This is a 40-minute essay I wrote for Advanced Placement Literature, and despite writing this months ago I still remember what a strong connection I felt to the passage and how important this analysis felt to me.
Death: More than Just a Stopped Heart
Sometimes, a dead animal isn’t just a dead animal, it holds an emotional weight of the world. It is a mind-blowing experience for someone who’s heart was close to it. The speaker in Cormac McCarthy’s novel The Crossing is having just that experience. The speaker describes a scene that was simple, yet amazingly dramatic. McCarthy achieves this successful portrayal of a huge impact on the main character with a variety of syntax (extremely long and short sentences), a description of the wolf that shows its meaningfulness that involves repetition and mysterious imagery, and the repetitive nature of the sentences that make the passage seem instructional, as if the main character’s mind was numbed to the death he not only experienced but took care of afterwards.
The author used bold, short sentences to emphasize parts he thought were important, and long, bordering-on-frantic sentences also to catch the reader’s attention.

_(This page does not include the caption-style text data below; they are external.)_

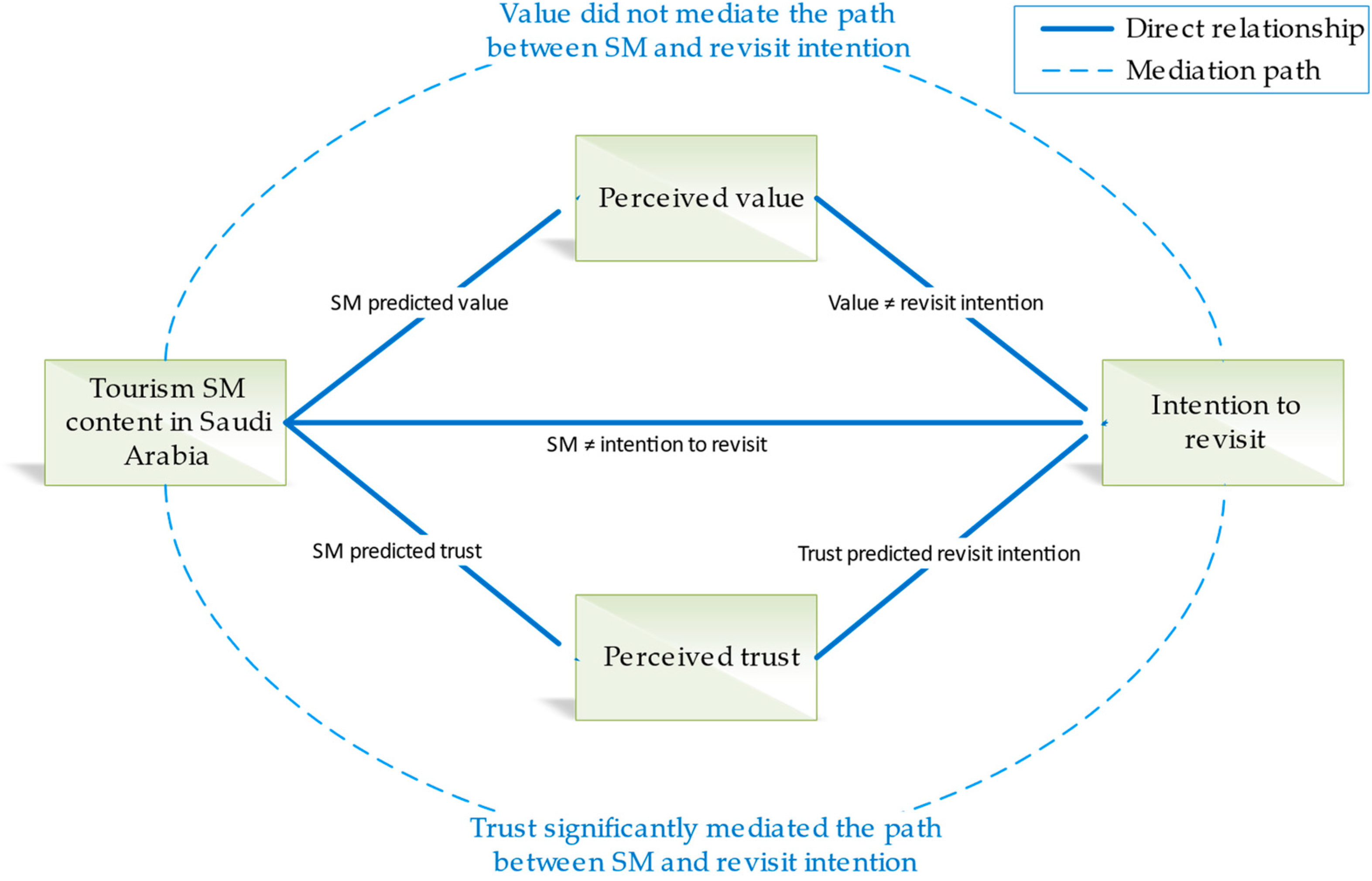 Jrfm 16 00210 g003 Jrfm 16 00210 g003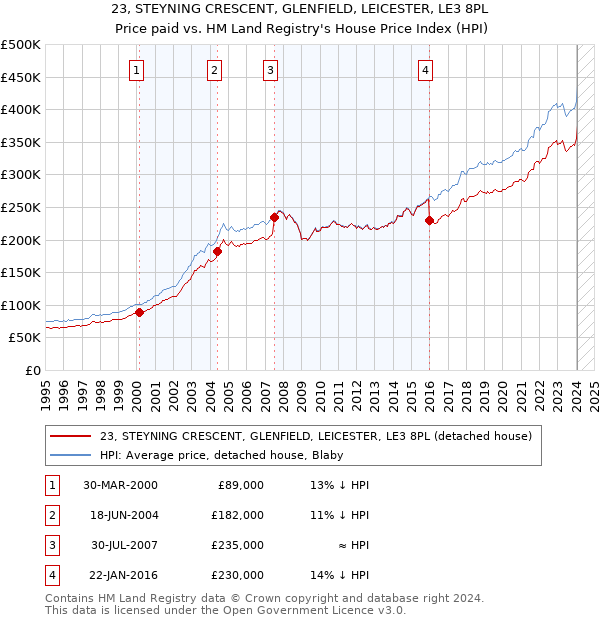 23, STEYNING CRESCENT, GLENFIELD, LEICESTER, LE3 8PL: Price paid vs HM Land Registry's House Price Index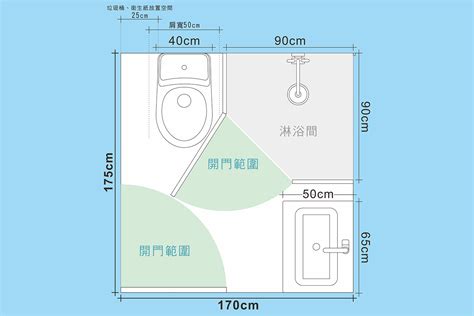 廁所大小尺寸|【廁所大小尺寸】廁所大小尺寸有玄機！規劃好，讓你如廁淋浴不。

Take the third sentence, for example: “His trousers were stiff with blood” (lines 4-5). This declarative statement makes the readers wonder: whose blood? Who is hurt? It’s likely that they thought of a human, but it was a wolf, emphasizing the importance of this creature. To contrast, one sentence spans from line 15 to 24 (“He got the…their own doing”). This sentence describes the main character setting up camp and taking notice of what’s around him, something that shouldn’t be a big deal but is, because the experience is dramatic. In addition, the character was “waiting for dawn so that he could find the place where he could bury the wolf” (lines 26-27). Elongating sentences makes the character seemed rushed, which he is because he wants to get the emotional experience of burying the wolf over with.
The wolf in The Crossing was described in ways that are normally used to describe people, highlighting the importance of this creature. The repetition of “blood” emphasized the gruesomeness of the wolf’s appearance. The character can’t take his mind off of just how much blood there is, but anyone who hunts or lives in the wild long enough should be used to situations such as this. He also couldn’t get over how “stiff” the wolf was, that is was really dead. The wolf’s deadness was juxtaposed with the lively mountains surrounding the main character and the creatures that reside there. The setting is mysterious, especially in the night, with “dark shapes” and coyotes whose “cries seemed to have no origin other than the night itself” (lines 12-14). There are also several mentions of “flowers that feed on flesh,” revealing that nature is beautiful, but also harsh, a lesson the character learned from a beautiful creature being killed in a gruesome way. The “flower” is more than the whole story, it is “terror” (line 65), yet “the world can’t lose it” (line 66). The final sentence in the passage is so important, as it shows the wolf and it’s home as a reality, not a fantasy.
An unusually high amount of sentences in this passage started with “He,” describing what the main character was doing. This simple method of writing sounds mechanical, as if he is putting the least amount of thought into what he is doing as possible so he can go on with his life unchanged. It is only towards the second half of the passage that this trend is broken as the main character breaks down. He did not bargain that burying the wolf would be such an emotional hardship, and he fought it off by numbing his brain to what he must do. He broke, with the help of the blood and the stiffness of its body and the mystery of the night. Once again, the final sentence is a run-on, because these thoughts are coming to him all at once and they can’t stop and the event means too much to him. He loses himself in his surroundings, or does he find himself? This emotional upheaval meant something huge to the main character, the disposal of an animal taught him something that built up throughout the passage that was finally revealed in the end: The real world, out in the wild, can be heartbreaking for humans, but it is the way it is, it can be no other way.
Writing a passage as emotionally loaded as this one in The Crossing can be difficult, but like Cormac McCarthy has shown, it can be done with the help of varying syntax, a larger than life description of the wolf that is to be buried, and a change in sentence type from beginning to end as the character’s emotional numbness gives way to glaring realizations that are too much to handle at once. He realizes that romanticization of nature show only one half of the story, the half that people want to see because they can separate themselves from the other half: the death, the struggle for power, the suffering. The passage is telling the truth about the wilderness: there is no good or bad, just dead or alive.